I run a script for modprobe slightly modified from the one on the archlinux tutorial

#!/bin/sh

for i in /sys/devices/pci*///boot_vga; do
if [ $(cat “$i”) -eq 0 ]; then
GPU="${i%/boot_vga}"
AUDIO="$(echo “$GPU” | sed -e “s/0$/1/”)"
echo “vfio-pci” > “$GPU/driver_override”
if [ -d “$AUDIO” ]; then
echo “vfio-pci” > “$AUDIO/driver_override”
fi
fi
done

modprobe -i vfio-pci

I can unbind the driver, though the driver is already set to the vfio_pci so I don’t think I should need to.

Maybe it all must be done by boot?
https://wiki.archlinux.org/index.php/PCI_passthrough_via_OVMF#Using_identical_guest_and_host_GPUs

Amdgpu cannot be unbound.

I don’t think OP will need to.

OH wait, @drc, are you using the acs override patch? That could be causing problems.

I am not using the acs overide patch to the best of my knowledge

I tried using qemu without libvirt and ran into the same problem. Sifting through the logs, I found the following line which also was similar to an error on the command line from qemu:

Jun 2 07:59:14 threadripper kernel: AMD-Vi: Completion-Wait loop timed out
Jun 2 07:59:14 threadripper kernel: vfio_bar_restore: 0000:08:00.0 reset recovery - restoring bars
Jun 2 07:59:14 threadripper kernel: vfio-pci 0000:08:00.0: Invalid PCI ROM header signature: expecting 0xaa55, got 0xffff
Jun 2 07:59:14 threadripper kernel: vfio_bar_restore: 0000:08:00.0 reset recovery - restoring bars
Jun 2 07:59:14 threadripper kernel: AMD-Vi: Completion-Wait loop timed out

on the command line from qemu, I received

Device option ROM contents are probably invalid (check dmesg)

Any ideas?

These two errors make me think that you are suffering from the Radeon reset bug. I was having the same errors on my Ryzen 7 system until I stopped trying to pass through my RX 580, and instead made it my host GPU and passed through a GTX 1050 Ti.

EDIT: Also, it is strongly advised to have two different GPUs instead of identical models. They can be slightly different, but most importantly need to have different PCI ids. I’ve heard that what you’re doing possible, but haven’t seen someone actually succeed at it (except for UNRAID.)
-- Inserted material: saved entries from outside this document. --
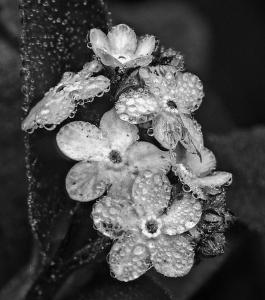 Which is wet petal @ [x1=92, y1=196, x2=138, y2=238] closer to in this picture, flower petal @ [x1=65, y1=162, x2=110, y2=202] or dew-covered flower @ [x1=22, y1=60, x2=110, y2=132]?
flower petal @ [x1=65, y1=162, x2=110, y2=202]

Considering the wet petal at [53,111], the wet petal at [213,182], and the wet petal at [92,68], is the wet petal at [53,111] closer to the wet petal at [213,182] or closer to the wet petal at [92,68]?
the wet petal at [92,68]

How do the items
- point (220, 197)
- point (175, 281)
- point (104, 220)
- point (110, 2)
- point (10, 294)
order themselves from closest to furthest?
point (104, 220)
point (220, 197)
point (10, 294)
point (175, 281)
point (110, 2)

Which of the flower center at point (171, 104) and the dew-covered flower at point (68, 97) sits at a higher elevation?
the flower center at point (171, 104)

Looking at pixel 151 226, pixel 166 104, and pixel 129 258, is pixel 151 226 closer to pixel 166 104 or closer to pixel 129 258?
pixel 129 258

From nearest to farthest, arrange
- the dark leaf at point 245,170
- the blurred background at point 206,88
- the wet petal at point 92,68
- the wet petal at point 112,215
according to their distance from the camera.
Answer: the wet petal at point 112,215
the wet petal at point 92,68
the dark leaf at point 245,170
the blurred background at point 206,88

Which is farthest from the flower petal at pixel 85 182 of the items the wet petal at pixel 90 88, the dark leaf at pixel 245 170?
the dark leaf at pixel 245 170

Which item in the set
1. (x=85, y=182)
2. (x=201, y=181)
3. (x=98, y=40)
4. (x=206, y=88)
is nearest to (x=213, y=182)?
(x=201, y=181)

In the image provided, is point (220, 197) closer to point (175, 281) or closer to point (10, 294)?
point (175, 281)

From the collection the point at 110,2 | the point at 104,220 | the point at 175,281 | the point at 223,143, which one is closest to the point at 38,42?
the point at 104,220

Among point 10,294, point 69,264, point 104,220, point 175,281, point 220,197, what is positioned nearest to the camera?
point 104,220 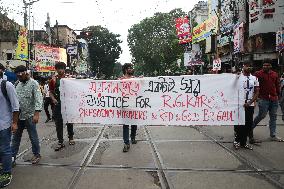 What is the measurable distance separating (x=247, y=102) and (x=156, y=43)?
60900 mm

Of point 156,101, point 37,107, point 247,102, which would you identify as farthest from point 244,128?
point 37,107

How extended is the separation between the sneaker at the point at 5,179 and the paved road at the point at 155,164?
0.11 meters

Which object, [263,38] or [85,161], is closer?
[85,161]

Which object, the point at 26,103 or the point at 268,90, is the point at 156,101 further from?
the point at 268,90

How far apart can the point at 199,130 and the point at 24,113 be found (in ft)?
18.2

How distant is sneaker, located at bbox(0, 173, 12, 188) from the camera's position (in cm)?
535

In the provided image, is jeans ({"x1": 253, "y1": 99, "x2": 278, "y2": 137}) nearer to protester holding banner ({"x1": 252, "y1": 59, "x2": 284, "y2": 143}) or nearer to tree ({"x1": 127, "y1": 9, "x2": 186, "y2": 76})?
protester holding banner ({"x1": 252, "y1": 59, "x2": 284, "y2": 143})

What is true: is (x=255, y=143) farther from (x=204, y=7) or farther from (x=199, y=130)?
(x=204, y=7)

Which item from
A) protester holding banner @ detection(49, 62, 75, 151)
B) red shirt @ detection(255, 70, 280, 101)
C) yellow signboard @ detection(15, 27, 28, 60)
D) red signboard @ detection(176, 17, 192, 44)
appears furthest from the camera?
red signboard @ detection(176, 17, 192, 44)

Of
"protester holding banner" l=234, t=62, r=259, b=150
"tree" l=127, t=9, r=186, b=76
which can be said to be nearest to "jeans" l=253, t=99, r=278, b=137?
"protester holding banner" l=234, t=62, r=259, b=150

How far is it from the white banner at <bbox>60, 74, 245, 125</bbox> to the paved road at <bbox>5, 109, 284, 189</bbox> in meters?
0.68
Maybe its time to bite the bullet and invest in a new card :frowning:, I hate to give up though

Ok, so someone suggested I try my setup with Fedora 28. I had been using Debian Stable. But now that I’ve switched to Fedora 28, the IOTLB and AMD-Vi errors are completely gone with the 580 as guest. If you’re using Debian, or anything with an older kernel, you might want to give Fedora a spin.

@imrazor
could you upload your kernel config? I can start a comparison to see if there is something about my config that is causing this issue. FYI I am running gentoo and have no plans to change distro’s as I am sure if it were to run on Redhat then I could make it run on gentoo.

Also, if anyone is interested, here is my kernel config

drc-kernel.txt (120.9 KB)

It’s a bog standard Fedora 28 kernel config. However, it seems I spoke too soon. Even though I am no longer receiving the IOTLB and AMD-Vi events, the Windows VM with the RX 580 was unstable after the first reboot. Sometimes it would boot up, sometimes I’d see a black screen, other times I’d get the Windows Repair prompt. Rebooting the host would resolve the problem.

For now I’m just using the RX 580 as my host GPU. I’m considering how I might be able to get my GTX 970 as the guest GPU, but thanks to the card, case and motherboard design it’s complicated.

Ok, bios flash seems to have resolved that particular issue. Card is being passed through to windows but it is not able to access it…but moving on, this issue itself seems to be resolved.

Did you flash the BIOS on the GPU or your motherboard?

Even as the host GPU, my RX 580 made the system slightly unstable. It would just power off or become unresponsive randomly every day or two. I switched to a GTX 970 and it’s been stable for a week. Not sure if I’ve got a flaky card, or the amdgpu driver is squirrely.

I flashed the MB bios